(DATA PROVIDED Opens)

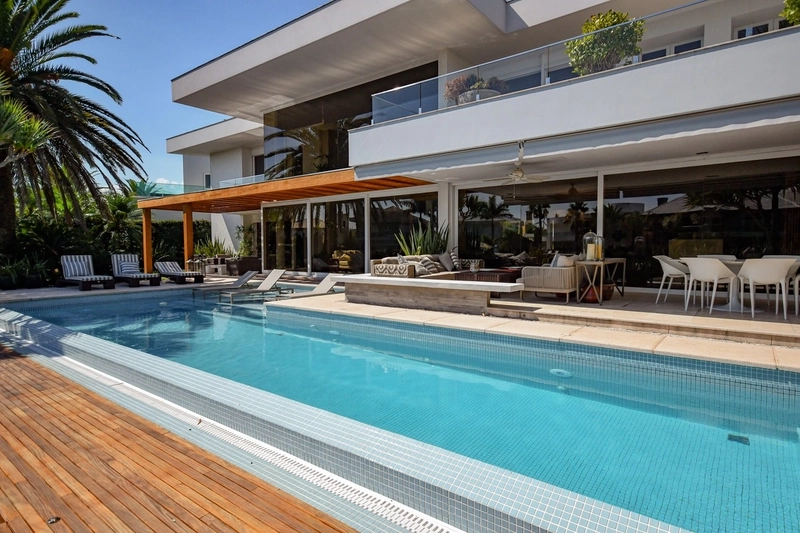 Casa à venda no condomínio Atlântida Ilhas Park: 21ª foto da galeria de imagens do imóvel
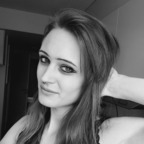 eeziss OnlyFans Leaked Photos and Videos 

 profile picture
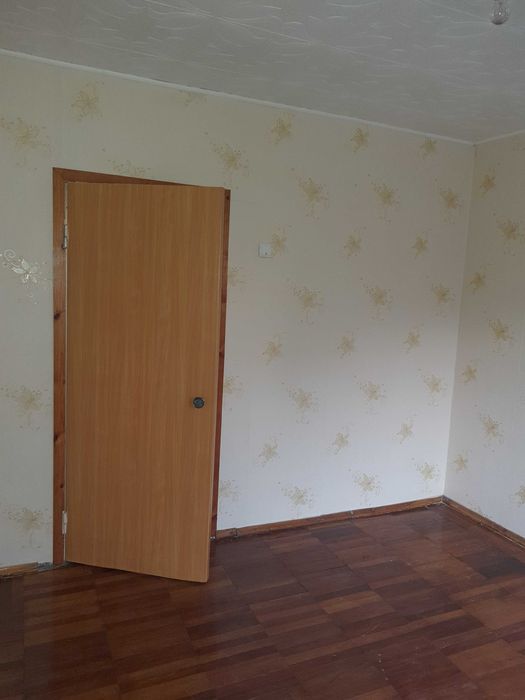 Продажа! 3 кім. квартира 70,7м2 "чешка" м. Запоріжжя. Власник!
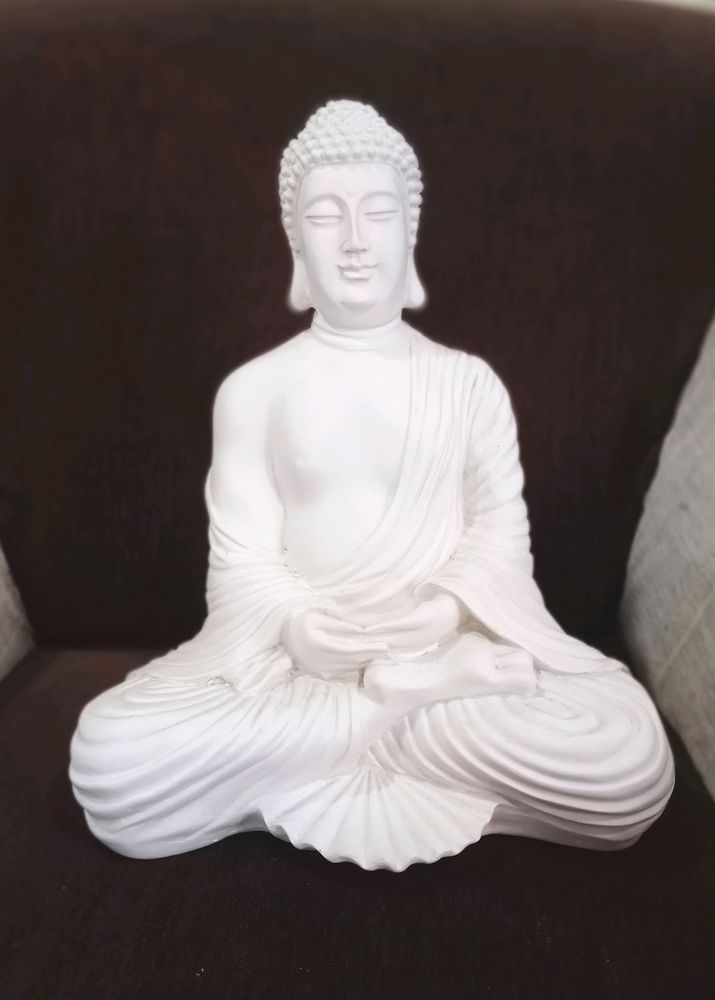 Buddha Statue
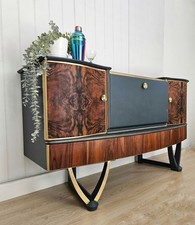 beautility sideboard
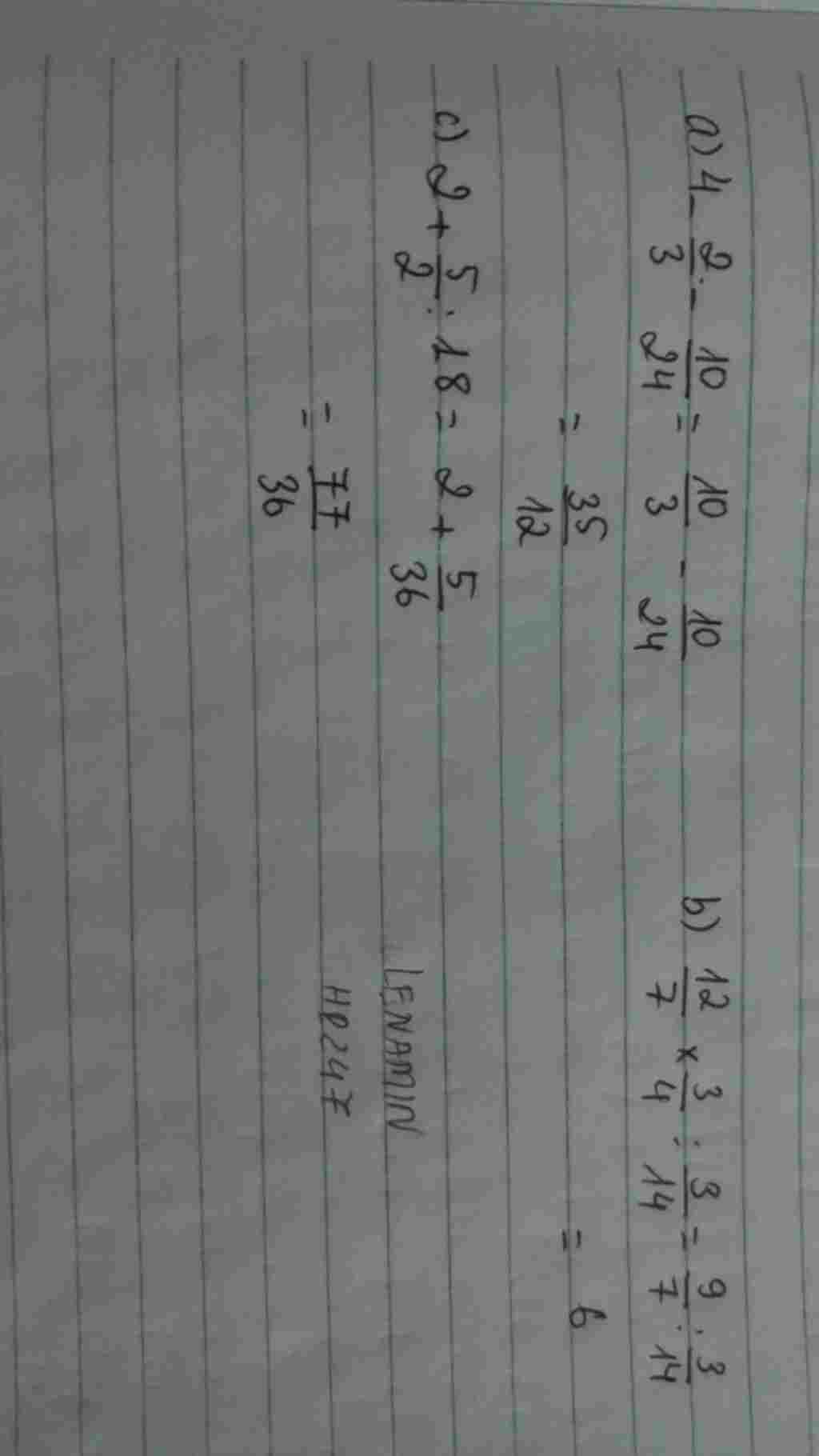 toan-lop-5-a-4-2-3-10-24-b-12-7-3-4-3-14-c-2-5-2-18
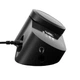 Ігровий Hi-Res Audio контролер до гарнітури SteelSeries GameDAC Gen 2 Xbox - изображение 3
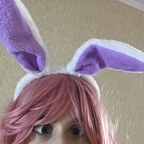 kawaiimoan OnlyFans Leaked 

 profile picture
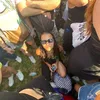 giadadisantoo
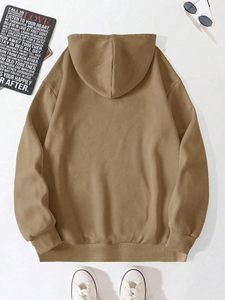 Fabricante de Ropa Sostenible, Sudadera con Capucha Corta para Hombre, Personalizada, de Felpa, Corte Regular, Logotipo Bordado, Transpirable, de Secado Rápido - Product Image 2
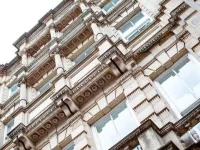 Grey Street Hotel Hotels in 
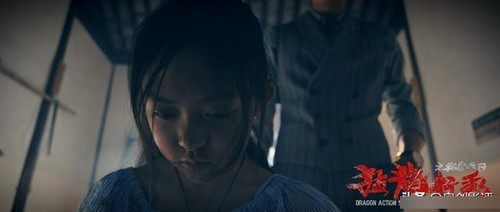 463 04 猛龙行动之绝密代码.jpg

(DATA PROVIDED Closes)

TASK DIRECTIONS »
A faithful, word-for-word copy of the data is needed; the pictures should not appear in it.

SOLUTION TO THE PROBLEM »
 Casa à venda no condomínio Atlântida Ilhas Park: 21ª foto da galeria de imagens do imóvel
 eeziss OnlyFans Leaked Photos and Videos 

 profile picture
 Продажа! 3 кім. квартира 70,7м2 "чешка" м. Запоріжжя. Власник!
 Buddha Statue
 beautility sideboard
 toan-lop-5-a-4-2-3-10-24-b-12-7-3-4-3-14-c-2-5-2-18
 Ігровий Hi-Res Audio контролер до гарнітури SteelSeries GameDAC Gen 2 Xbox - изображение 3
 kawaiimoan OnlyFans Leaked 

 profile picture
 giadadisantoo
 Fabricante de Ropa Sostenible, Sudadera con Capucha Corta para Hombre, Personalizada, de Felpa, Corte Regular, Logotipo Bordado, Transpirable, de Secado Rápido - Product Image 2
 Grey Street Hotel Hotels in 
 463 04 猛龙行动之绝密代码.jpg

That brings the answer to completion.